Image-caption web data
BEGIN
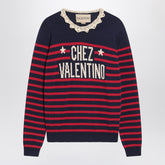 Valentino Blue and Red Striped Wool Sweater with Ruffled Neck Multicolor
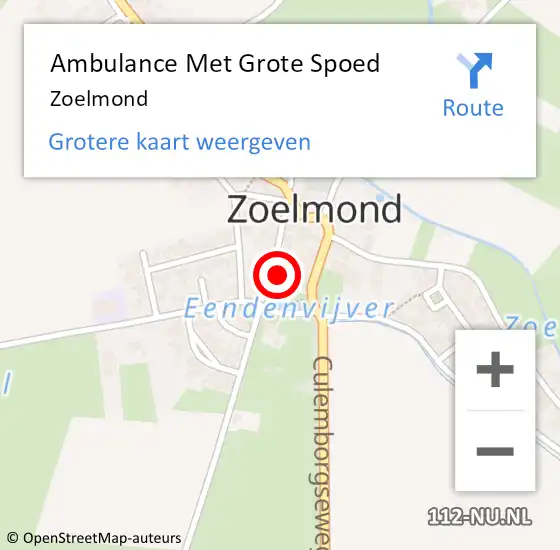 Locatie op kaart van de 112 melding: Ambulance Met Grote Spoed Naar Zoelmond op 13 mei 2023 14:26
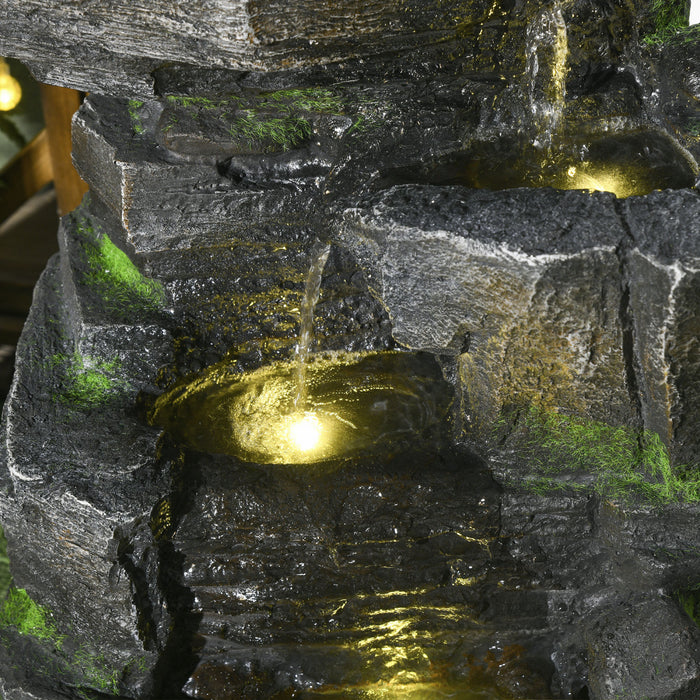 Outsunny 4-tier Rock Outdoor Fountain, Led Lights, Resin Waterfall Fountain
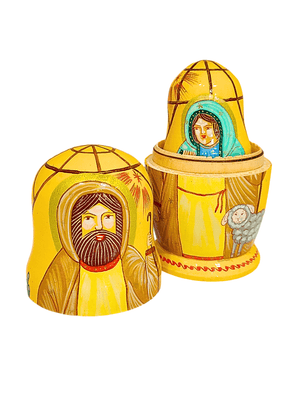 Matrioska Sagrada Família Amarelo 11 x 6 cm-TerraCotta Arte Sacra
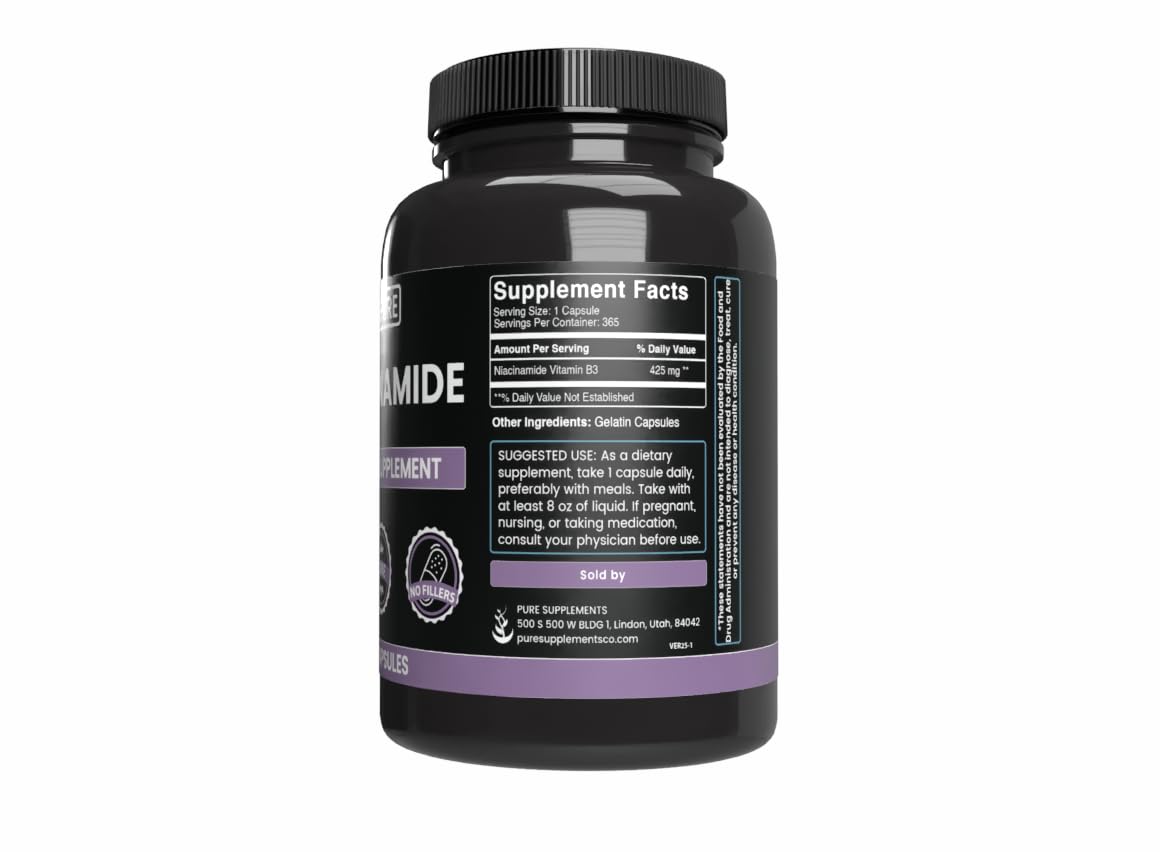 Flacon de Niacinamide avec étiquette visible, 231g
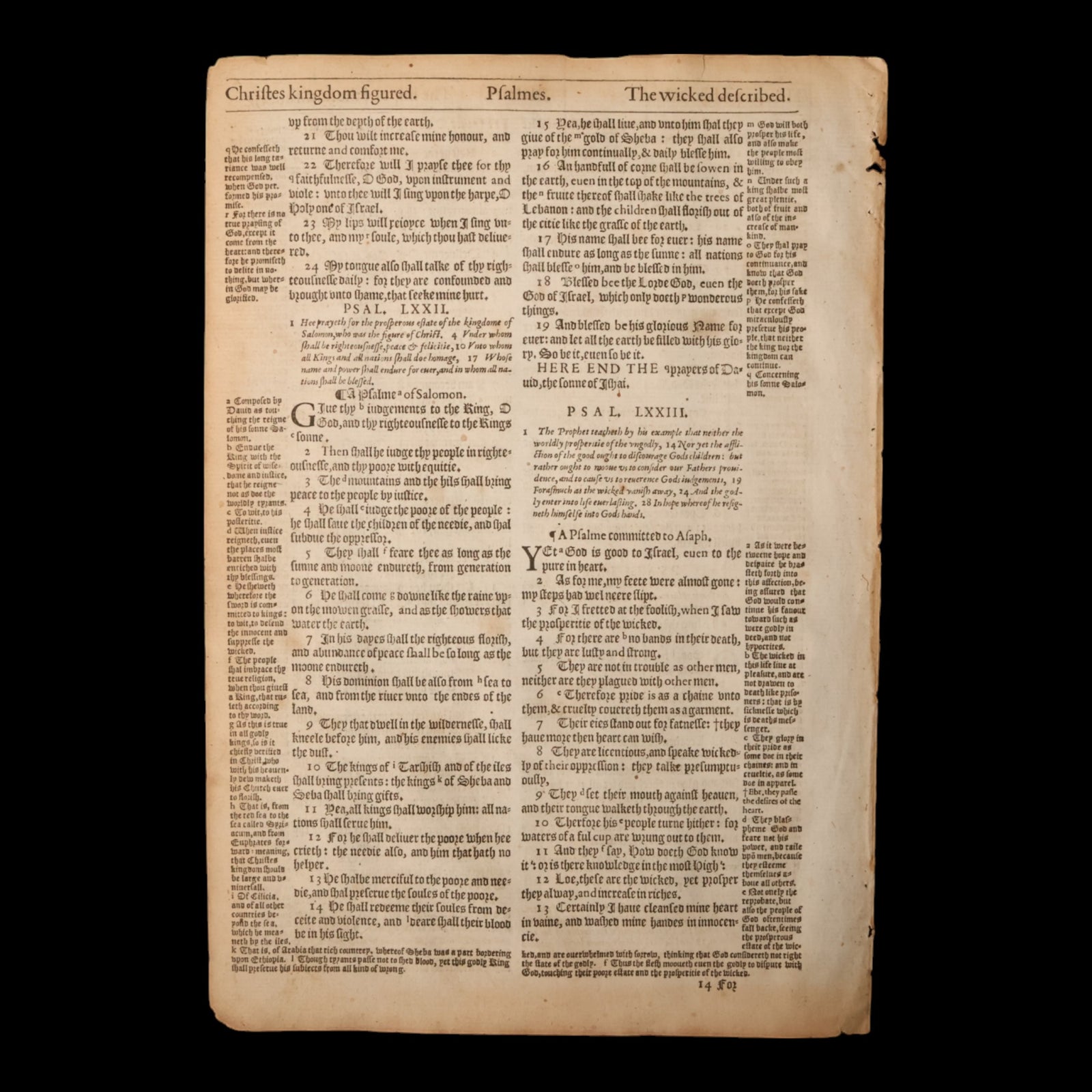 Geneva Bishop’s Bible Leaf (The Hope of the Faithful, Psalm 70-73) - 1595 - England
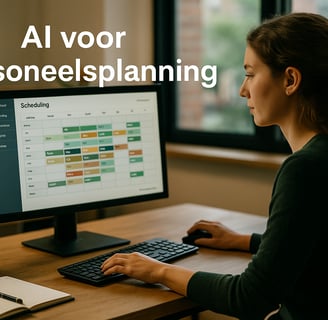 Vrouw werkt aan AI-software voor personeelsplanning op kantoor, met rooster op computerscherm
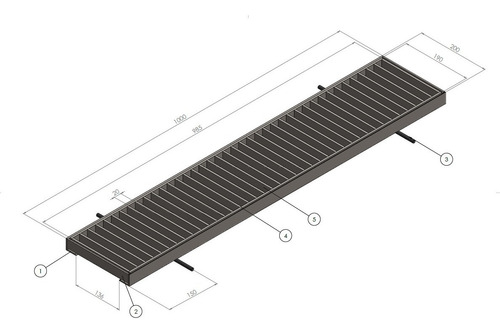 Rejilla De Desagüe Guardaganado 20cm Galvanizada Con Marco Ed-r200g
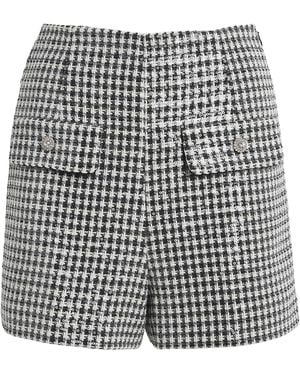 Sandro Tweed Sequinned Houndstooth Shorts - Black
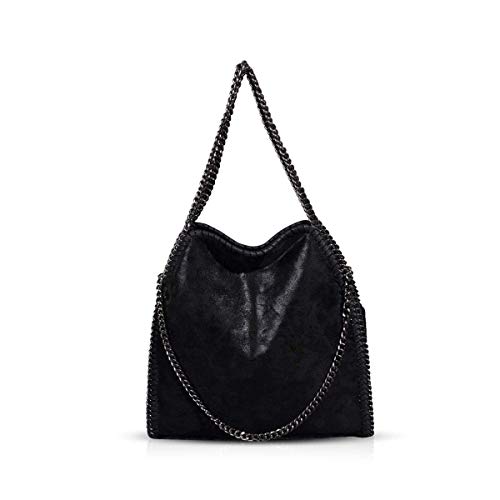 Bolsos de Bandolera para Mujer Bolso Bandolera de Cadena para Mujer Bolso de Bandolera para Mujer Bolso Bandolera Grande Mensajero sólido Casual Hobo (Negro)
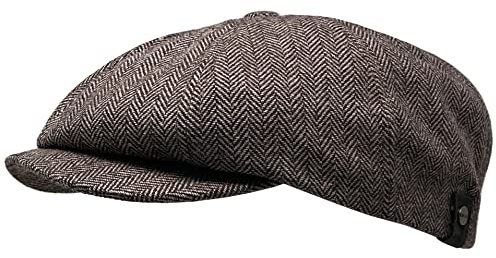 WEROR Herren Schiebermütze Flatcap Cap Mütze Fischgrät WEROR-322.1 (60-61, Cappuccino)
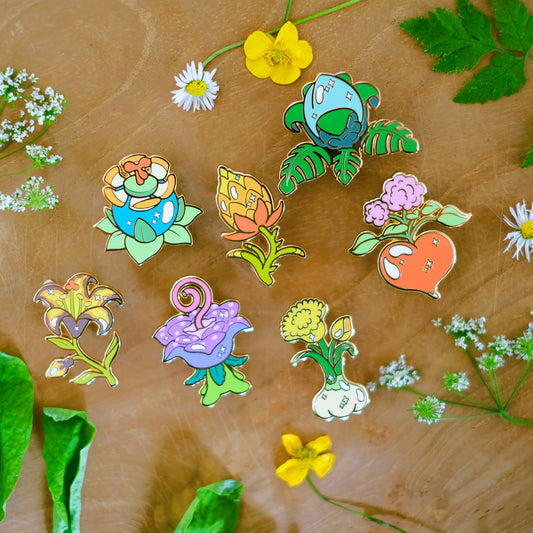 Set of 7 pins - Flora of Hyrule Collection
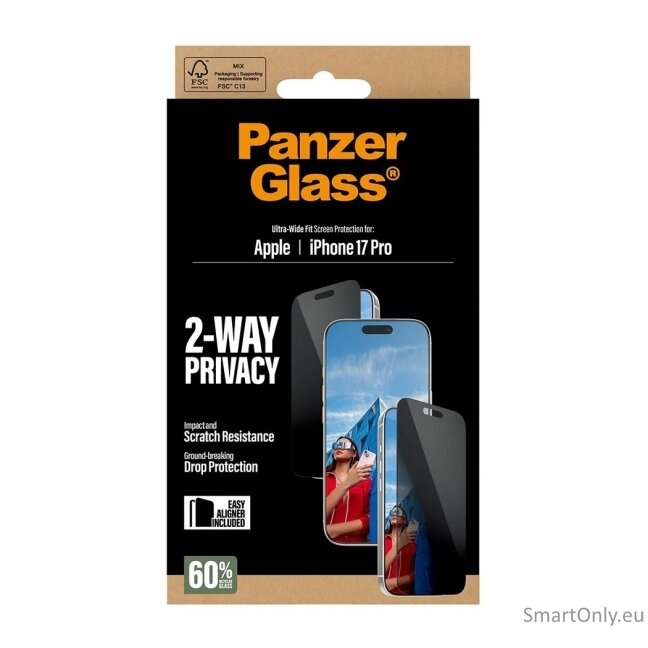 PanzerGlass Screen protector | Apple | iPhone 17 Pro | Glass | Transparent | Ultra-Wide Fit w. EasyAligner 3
END
● **What you need to do**:
Your copy of the data above should match it exactly, apart from the images.

● **Exercise answer**:
 Valentino Blue and Red Striped Wool Sweater with Ruffled Neck Multicolor
 Locatie op kaart van de 112 melding: Ambulance Met Grote Spoed Naar Zoelmond op 13 mei 2023 14:26
 Outsunny 4-tier Rock Outdoor Fountain, Led Lights, Resin Waterfall Fountain
 Matrioska Sagrada Família Amarelo 11 x 6 cm-TerraCotta Arte Sacra
 Flacon de Niacinamide avec étiquette visible, 231g
 Geneva Bishop’s Bible Leaf (The Hope of the Faithful, Psalm 70-73) - 1595 - England
 Vrouw werkt aan AI-software voor personeelsplanning op kantoor, met rooster op computerscherm
 Rejilla De Desagüe Guardaganado 20cm Galvanizada Con Marco Ed-r200g
 Sandro Tweed Sequinned Houndstooth Shorts - Black
 Bolsos de Bandolera para Mujer Bolso Bandolera de Cadena para Mujer Bolso de Bandolera para Mujer Bolso Bandolera Grande Mensajero sólido Casual Hobo (Negro)
 WEROR Herren Schiebermütze Flatcap Cap Mütze Fischgrät WEROR-322.1 (60-61, Cappuccino)
 Set of 7 pins - Flora of Hyrule Collection
 PanzerGlass Screen protector | Apple | iPhone 17 Pro | Glass | Transparent | Ultra-Wide Fit w. EasyAligner 3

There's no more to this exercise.